• Data shown:
:::

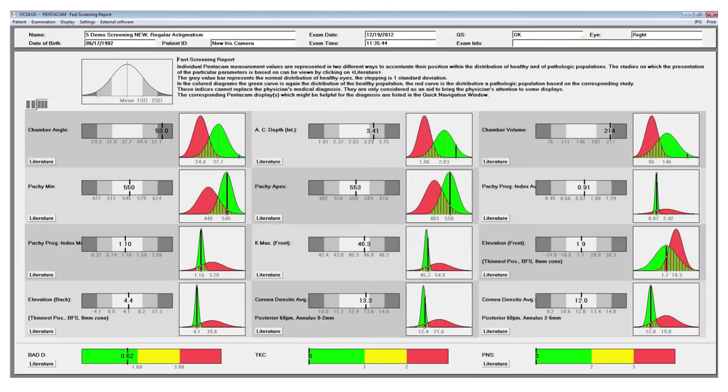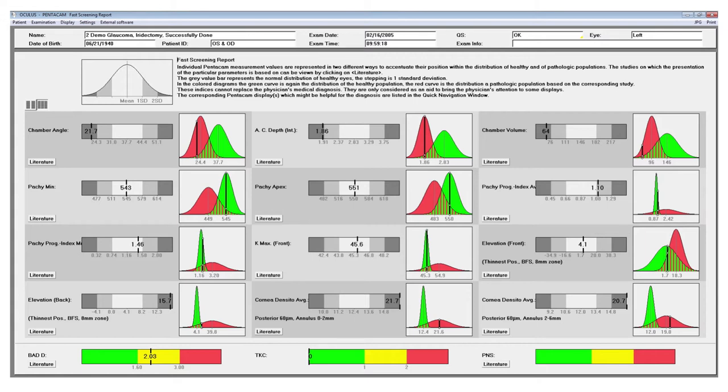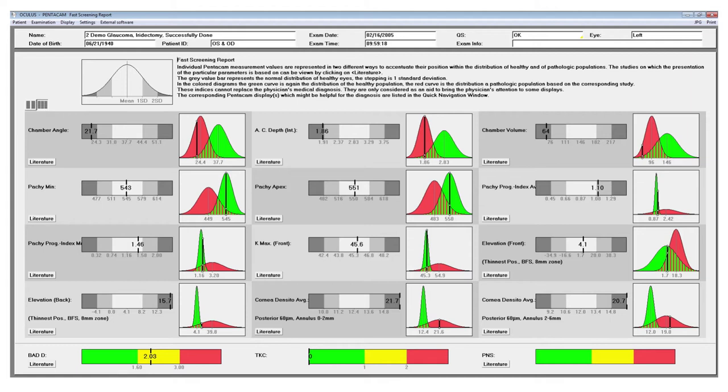We also have some statistical analysis. This is our fast screening report. The fast screening report takes several of the Pentacam measurements and shows them against normative data. The green curves that you see on the screen, that is a distribution of measurements for a normal population. The red curve is a distribution for a pathological population. And then you see the black line which is the patient and you can see how they relate to those two populations.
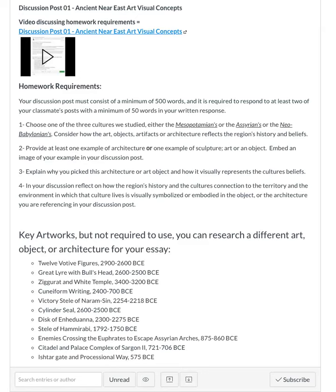Hello, let's go over the homework requirements for Discussion Post 1: Ancient Near East Visual Art Concepts. Your discussion post must consist of a minimum of 500 words. It is required to respond to at least two of your classmates' posts with a minimum of 50 words in your written response. It's also required that you include an example image.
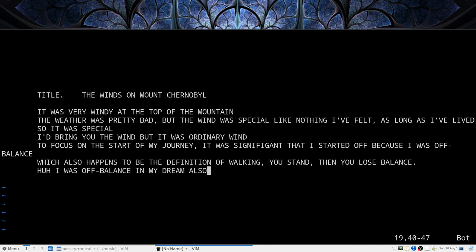So it's windy at the top of this mountain. I'm feeling the wind. But I wish I could bring you the bottle, but it's just ordinary wind.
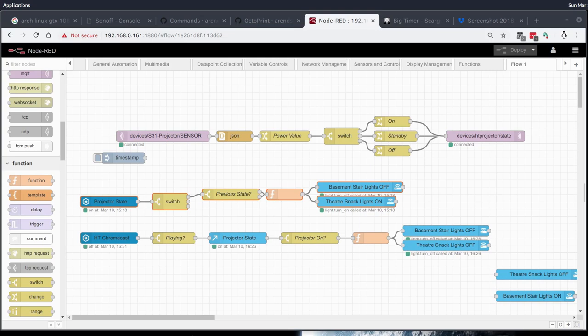I would probably continue building and add some automation so that when the Chromecast goes from playing to not playing, it turns the overhead lights back on and when the projector turns off, it turns the stair lights back on. But I think that's pretty self-explanatory given all the work we've done today. If you like this video, give a thumbs up, give a subscribe. Thank you very much for watching and we'll see you soon. Bye bye.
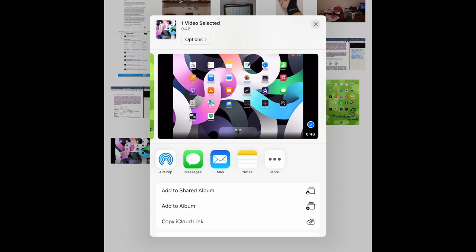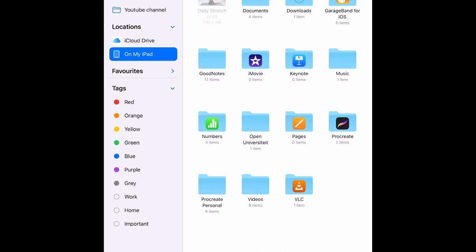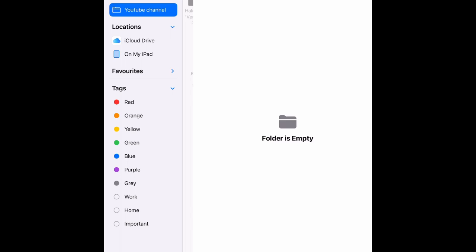...to either copy the video to your iCloud Drive or your iPad. In my case, I'm going to save the video on my iPad. Select the folder you want to have the video copied to.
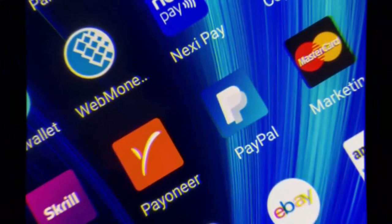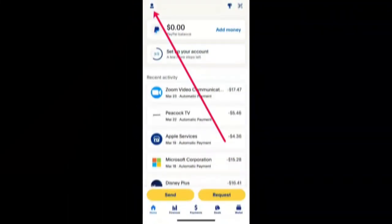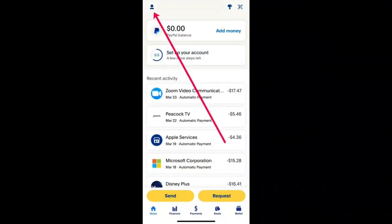Step 1: Open the PayPal app. Launch the PayPal app on your mobile device and ensure you're signed into the right account. Step 2: Tap your profile icon. Tap your profile icon in the top left corner.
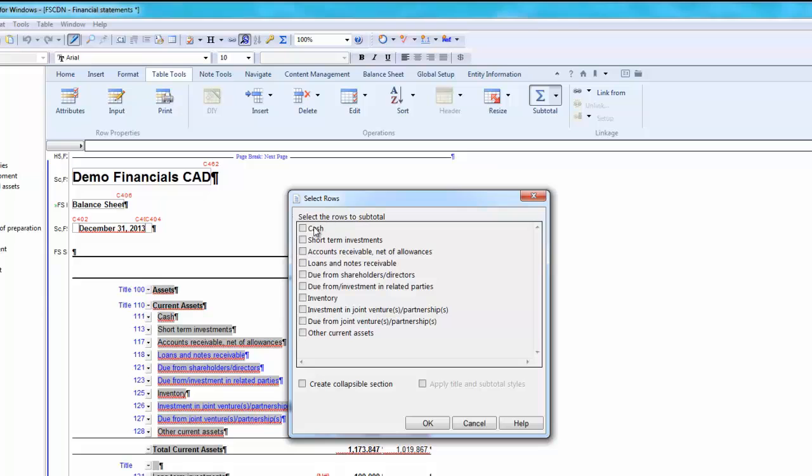I will be adding together cash and short-term investments. Select the Create Collapsible section if you would like the row to become collapsible. This will insert a title row above the subtotal rows. When collapsed, the title and the subtotal amounts will display, but all rows making up the subtotal will be hidden.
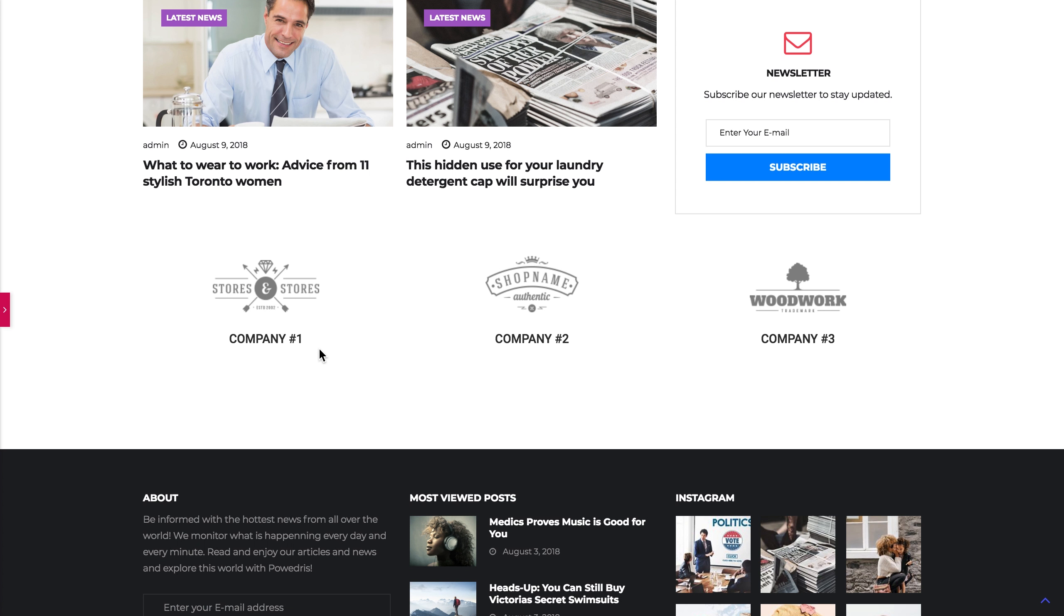So we have created a brands module with the help of Object Elements plugin. If you like the video, leave a thumbs up and subscribe to our channel. Thank you for watching!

:::

Your output should be the lines from the line containing "So it's windy" through the last line of the listing above, restated exactly, with no pictures among them.

• The answer:
So it's windy at the top of this mountain. I'm feeling the wind. But I wish I could bring you the bottle, but it's just ordinary wind.
I would probably continue building and add some automation so that when the Chromecast goes from playing to not playing, it turns the overhead lights back on and when the projector turns off, it turns the stair lights back on. But I think that's pretty self-explanatory given all the work we've done today. If you like this video, give a thumbs up, give a subscribe. Thank you very much for watching and we'll see you soon. Bye bye.
...to either copy the video to your iCloud Drive or your iPad. In my case, I'm going to save the video on my iPad. Select the folder you want to have the video copied to.
Step 1: Open the PayPal app. Launch the PayPal app on your mobile device and ensure you're signed into the right account. Step 2: Tap your profile icon. Tap your profile icon in the top left corner.
I will be adding together cash and short-term investments. Select the Create Collapsible section if you would like the row to become collapsible. This will insert a title row above the subtotal rows. When collapsed, the title and the subtotal amounts will display, but all rows making up the subtotal will be hidden.
So we have created a brands module with the help of Object Elements plugin. If you like the video, leave a thumbs up and subscribe to our channel. Thank you for watching!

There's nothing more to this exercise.